What a worship service we had this morning!
We started our morning with a festive mood. Our music today was provided by an incredible jazz group, and the first song they played for us was “We are marching in the Light of God.” We sang and danced and clapped along, and before we knew, the diocese of Fort Worth had started a congo line through the worship space. This congo line was greatly increased by finding a group of youth representing Episcopal camp and conference center. They know how to dance a congo line!
The jazz ensemble added an entirely different feel to our worship. I particularly liked the way we prayed the psalm together. The cantor led us in a refrain and we joined her, and then for the verses, we prayed them in unison while the jazz group played behind us. It really reinforced the poetry of the psalter.
We commemorated Isabel Florence Hapgood and the readings appointed for her feature visions from Isaiah and the Revelation to John. In her sermon, [read it or watch it online] the Rev.

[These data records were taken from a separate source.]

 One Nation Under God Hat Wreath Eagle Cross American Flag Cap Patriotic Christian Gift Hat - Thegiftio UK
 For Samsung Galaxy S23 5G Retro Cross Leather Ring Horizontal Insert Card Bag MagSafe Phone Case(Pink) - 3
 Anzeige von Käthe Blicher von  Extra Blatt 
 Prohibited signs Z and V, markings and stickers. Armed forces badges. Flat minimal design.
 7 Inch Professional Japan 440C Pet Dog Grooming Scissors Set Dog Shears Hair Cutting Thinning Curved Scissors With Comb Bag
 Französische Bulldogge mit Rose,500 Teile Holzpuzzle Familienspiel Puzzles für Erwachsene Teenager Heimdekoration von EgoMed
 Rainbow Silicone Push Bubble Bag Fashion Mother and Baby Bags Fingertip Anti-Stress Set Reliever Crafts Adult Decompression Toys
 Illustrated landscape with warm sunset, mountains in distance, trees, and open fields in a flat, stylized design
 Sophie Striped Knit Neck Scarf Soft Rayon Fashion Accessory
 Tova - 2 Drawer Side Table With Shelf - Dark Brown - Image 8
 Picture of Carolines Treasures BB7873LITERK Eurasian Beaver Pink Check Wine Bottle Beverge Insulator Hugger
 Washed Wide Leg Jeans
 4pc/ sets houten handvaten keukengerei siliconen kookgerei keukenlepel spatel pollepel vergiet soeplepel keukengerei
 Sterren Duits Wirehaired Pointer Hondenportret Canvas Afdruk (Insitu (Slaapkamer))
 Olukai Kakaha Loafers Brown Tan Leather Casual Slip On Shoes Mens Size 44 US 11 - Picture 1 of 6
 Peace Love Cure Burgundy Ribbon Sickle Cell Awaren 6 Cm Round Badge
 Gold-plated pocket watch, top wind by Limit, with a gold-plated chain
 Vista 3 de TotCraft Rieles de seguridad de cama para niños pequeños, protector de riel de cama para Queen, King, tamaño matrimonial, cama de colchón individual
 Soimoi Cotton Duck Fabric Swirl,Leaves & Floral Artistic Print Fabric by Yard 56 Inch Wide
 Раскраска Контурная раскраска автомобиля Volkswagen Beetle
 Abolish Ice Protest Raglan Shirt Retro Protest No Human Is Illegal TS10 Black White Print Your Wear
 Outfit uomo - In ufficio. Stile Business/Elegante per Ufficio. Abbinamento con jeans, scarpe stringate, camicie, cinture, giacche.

Gay Clark Jennings, president of the House of Deputies, reminded us that visions point to a reality that is beyond what mere human words can contain. She went on to spin an imagination of what it would be like if John of Patmos were to bring his visions to the convention floor. She said:
I was born well before computers and online culture transformed the world and transformed the church, but I know what a mashup is and I’ve wondered what would happen if John of Patmos ran headlong into the House of Deputies. I think it might sound something like this: I saw the temple filled with deputies in shimmering raiment and a creature with six arms and a voting device in each one said, “I rise to a point of personal privilege during which I would also like to amend the amendment on the previous motion and immediately end debate and refer the resolution back to the parallel committee for further consideration.” And the Lamb, in a voice that caused all to tremble said, “Sit down deputy. You are out of order.”
And she encouraged us to seek solutions that aren’t just efficient or affordable, but to go after solutions that serve the kingdom. She reminded us that this work would be hard and tiring, but that is the case of wrestling with the kingdom of God. But, she said, “Count it all as blessing.” And you know the deputation from Fort Worth will be living those words in the week to come.
One of my very favorite moments of worship at convention has been watching the table get loaded up with the bread and wine at the Offertory. A stream of deacons and lay people from all over the Church bring the gifts forward, one after another. Watching from the congregation, I wonder how it’s all going to fit. It does, of course, and I am struck each time, this abundance is not just a symbol, this is the food for the body. This is what it takes to feed this Church, to send the Body of Christ on to its work.
One more special moment from worship today: there’s a children’s program at Convention. Children of deputies and bishops come to worship with us and then spend the day together in their own activities. One of our youngest worshippers added his or her “AMEN” in a loud, clear, sweat voice after each congregational AMEN. It was its own kind of music.
Today members of our deputation served as Chalice Bearers, Brent Walker and Jordan Ware, and I couldn’t resist sneaking over to take pictures of them.
The Rt. Rev. Mary Glaspool of Los Angeles was our celebrant today, and her blessing included this line that I’ll conclude with, too:
“The world is too dangerous for anything but truth and too small for anything but love.”